Task goal — Please print each entry below exactly as it stands, but without any pictures.
(Exercise data)
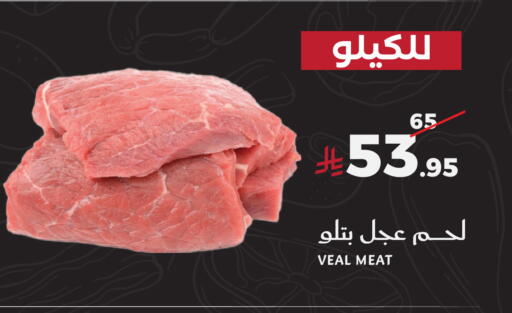 available at ميرا مارت مول in مملكة العربية السعودية, السعودية, سعودية - جدة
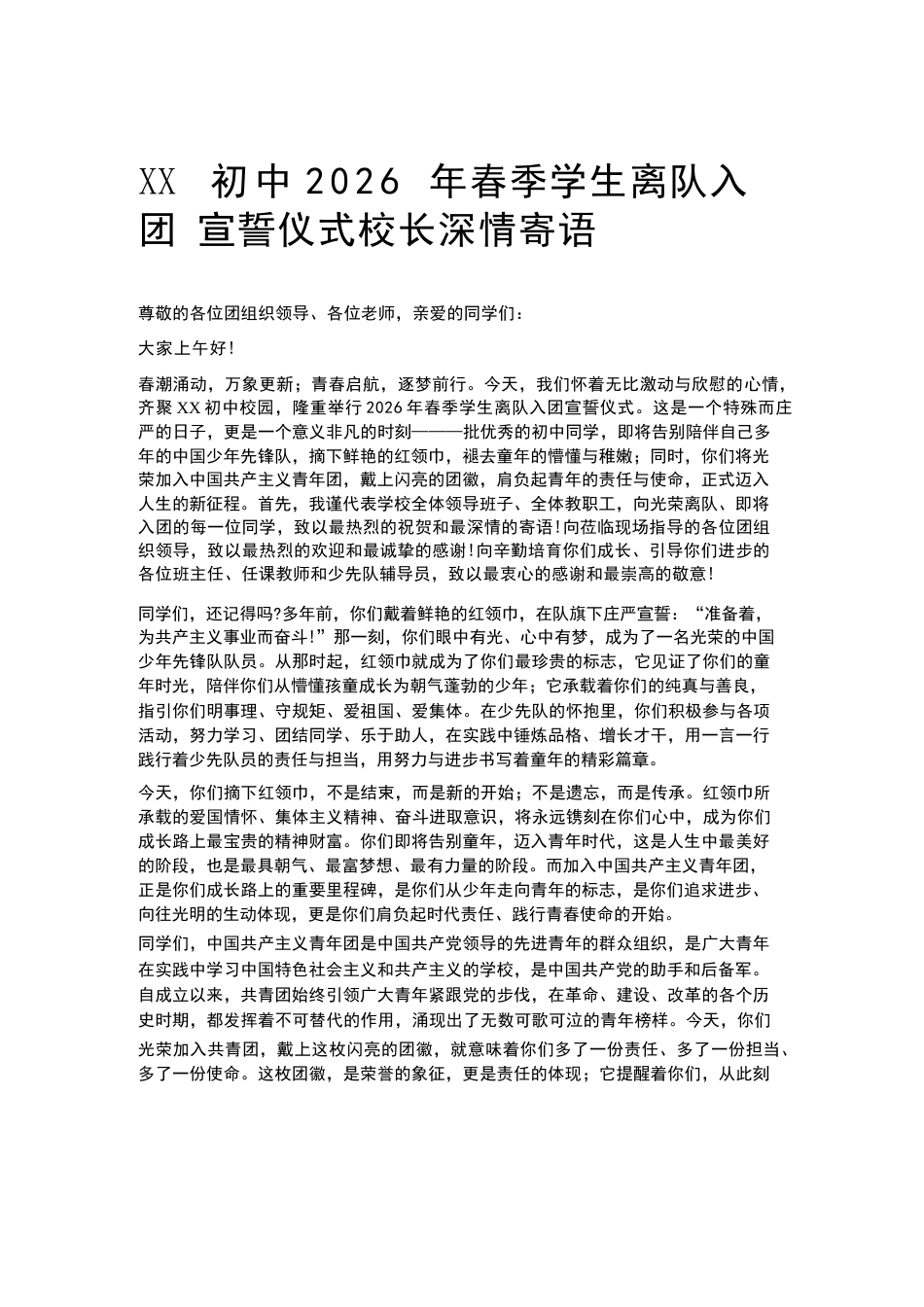 XX初中2026年春季学生离队入团宣誓仪式校长深情寄语_第1页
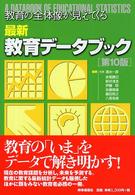 最新教育データブック 教育の全体像が見えてくる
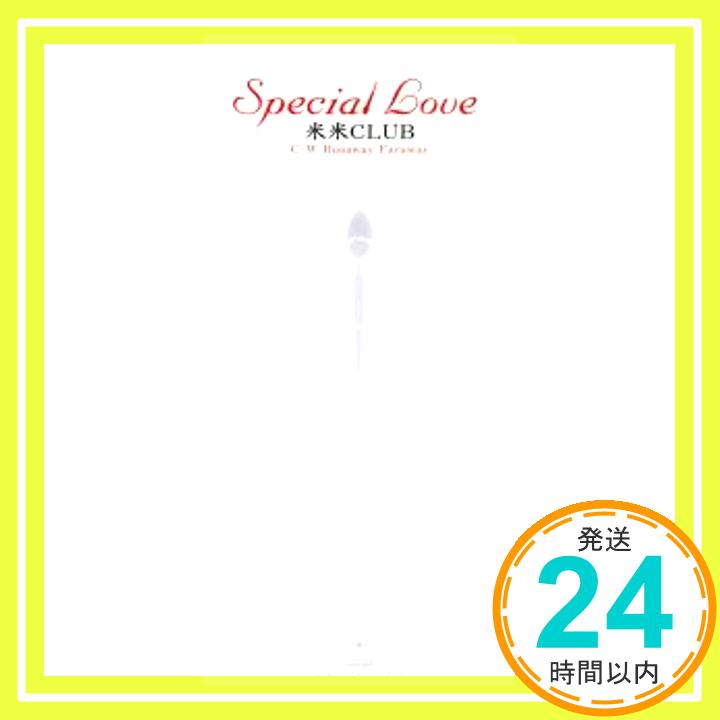 【中古】Special Love [CD] 米米CLUB、 石井竜也; 勝又隆一「1000円ポッキリ」「送料無料」「買い回り」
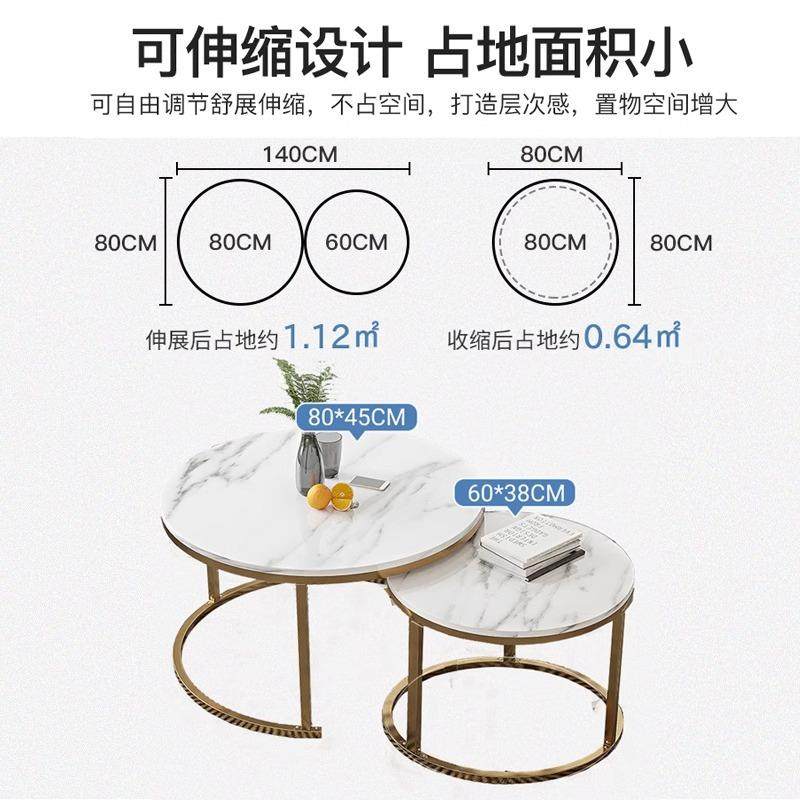 茶几客厅家用圆桌小型简约现代轻奢沙发边几边桌阳台角几茶几桌子,淘宝优惠券,粉丝福利购,淘宝优惠卷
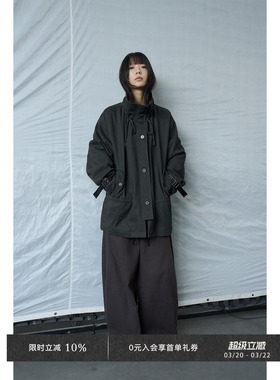 Veega Chic秋冬可调节抽绳立领撞PU皮可调节袖袢低腰抽褶夹棉外套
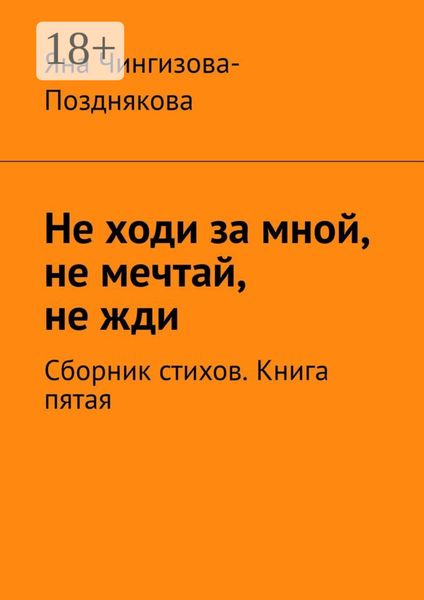 Обложка книги  «Не ходи за мной, не мечтай, не жди. Сборник стихов. Книга пятая»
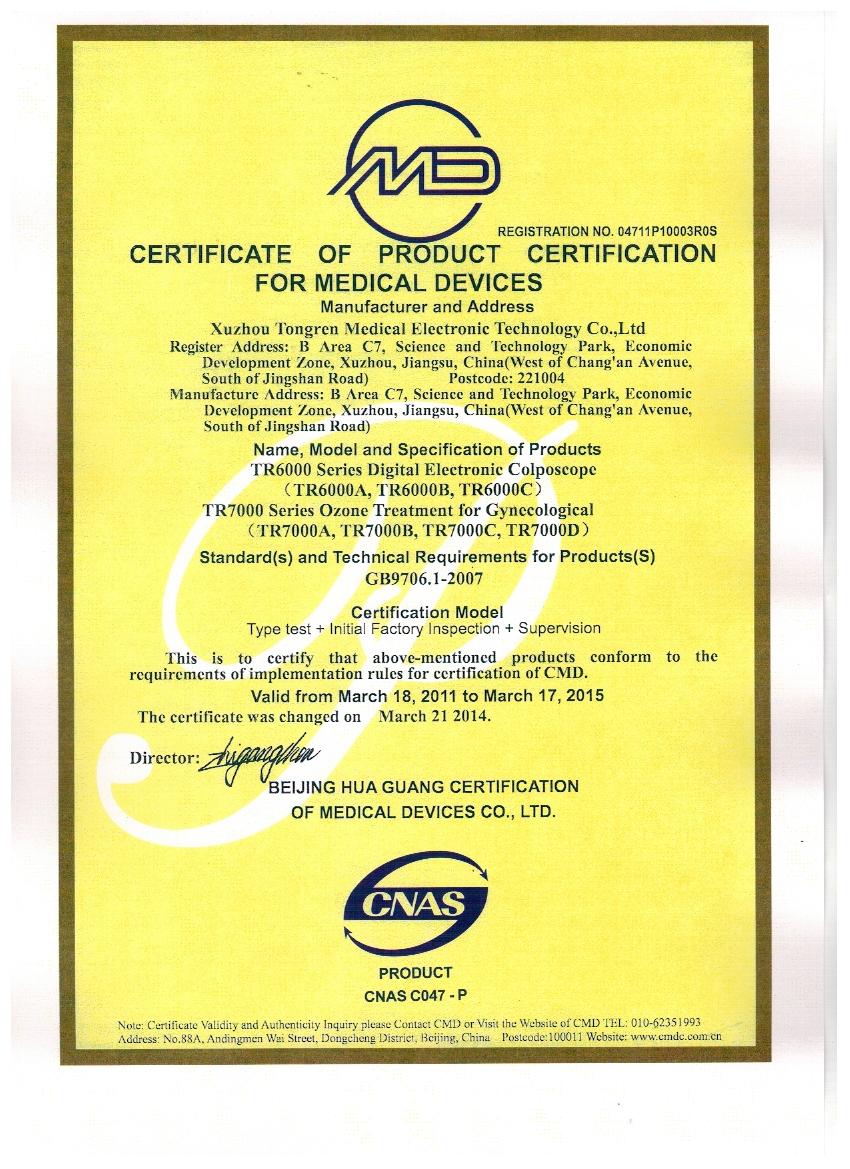 Certificate for Medical Devices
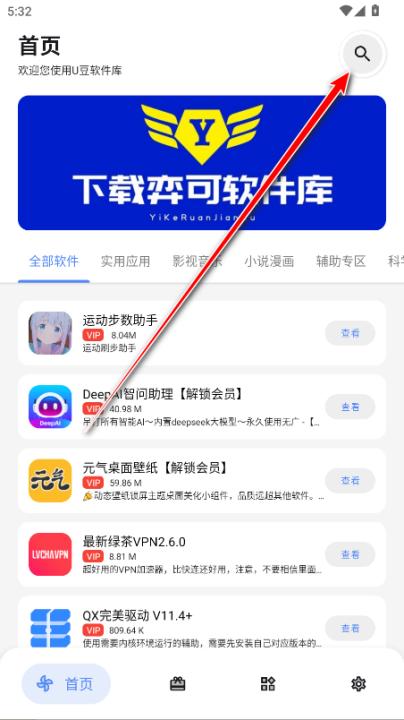 U豆软件库_https://www.99ziyuan.net_学习办公_第4张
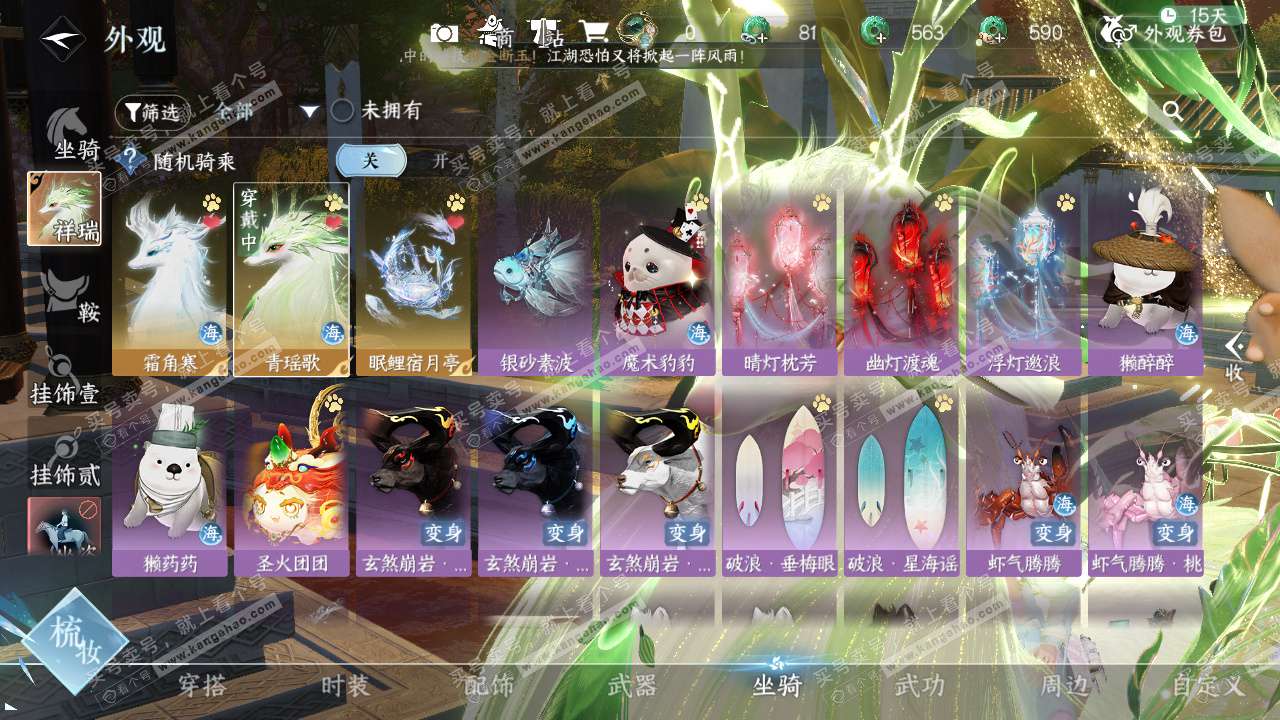 NSH327285逆水寒手游账号详情图18 NSH327285逆水寒手游账号详情图18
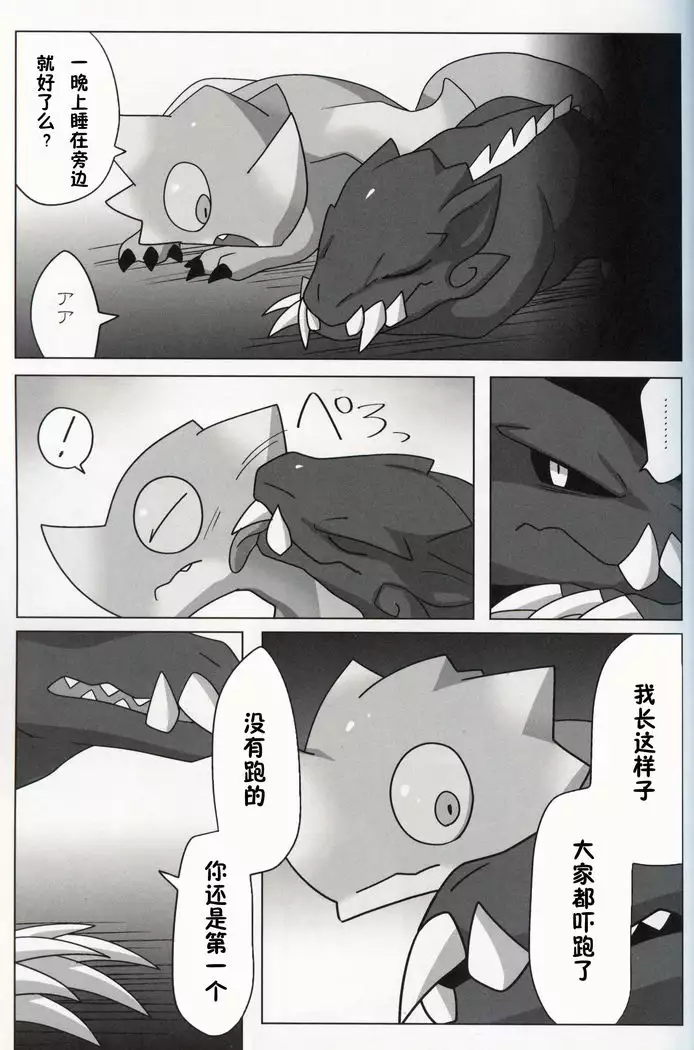 Nazuchi Shintairiku e Iku!? | 霞龙 要去新大陆了?!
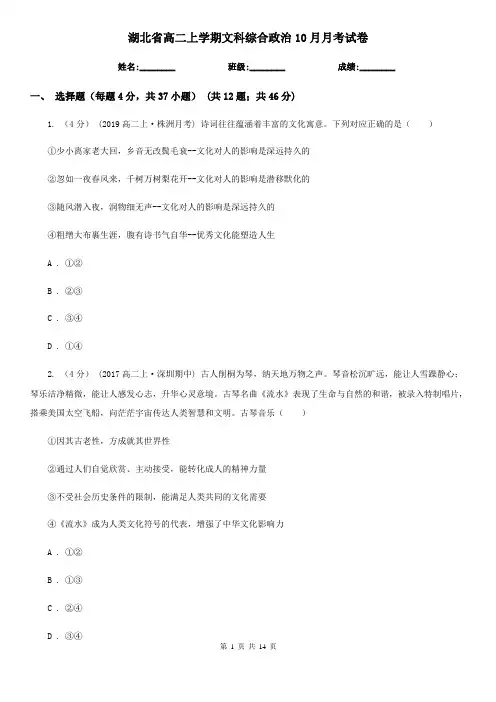 湖北省高二上学期文科综合政治10月月考试卷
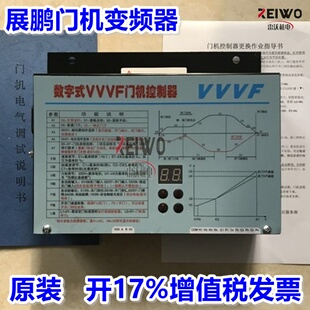 展鹏门机变频器展鹏01型门控器数字式VVVF门控器奥的斯变频器开票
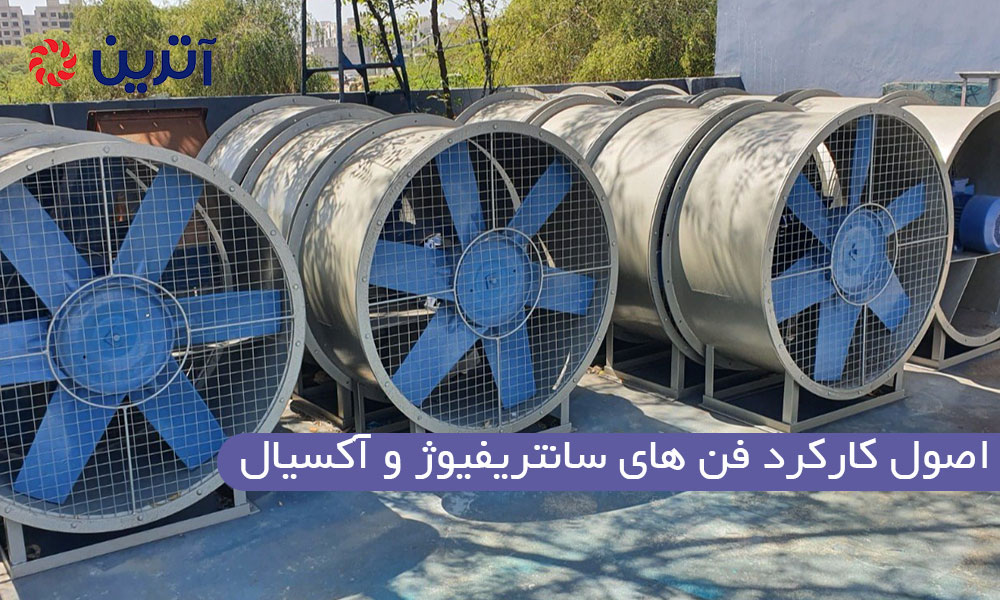 اصول کارکرد فن های سانتریفیوژ و آکسیال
(End Exercise data)
Written solution —
 available at ميرا مارت مول in مملكة العربية السعودية, السعودية, سعودية - جدة
 XX初中2026年春季学生离队入团宣誓仪式校长深情寄语_第1页
 最新教育データブック 教育の全体像が見えてくる
 【中古】Special Love [CD] 米米CLUB、 石井竜也; 勝又隆一「1000円ポッキリ」「送料無料」「買い回り」
 茶几客厅家用圆桌小型简约现代轻奢沙发边几边桌阳台角几茶几桌子,淘宝优惠券,粉丝福利购,淘宝优惠卷
 Veega Chic秋冬可调节抽绳立领撞PU皮可调节袖袢低腰抽褶夹棉外套
 Обложка книги  «Не ходи за мной, не мечтай, не жди. Сборник стихов. Книга пятая»
 Certificate for Medical Devices
 U豆软件库_https://www.99ziyuan.net_学习办公_第4张
 NSH327285逆水寒手游账号详情图18 NSH327285逆水寒手游账号详情图18
 Nazuchi Shintairiku e Iku!? | 霞龙 要去新大陆了?!
 湖北省高二上学期文科综合政治10月月考试卷
 展鹏门机变频器展鹏01型门控器数字式VVVF门控器奥的斯变频器开票
 اصول کارکرد فن های سانتریفیوژ و آکسیال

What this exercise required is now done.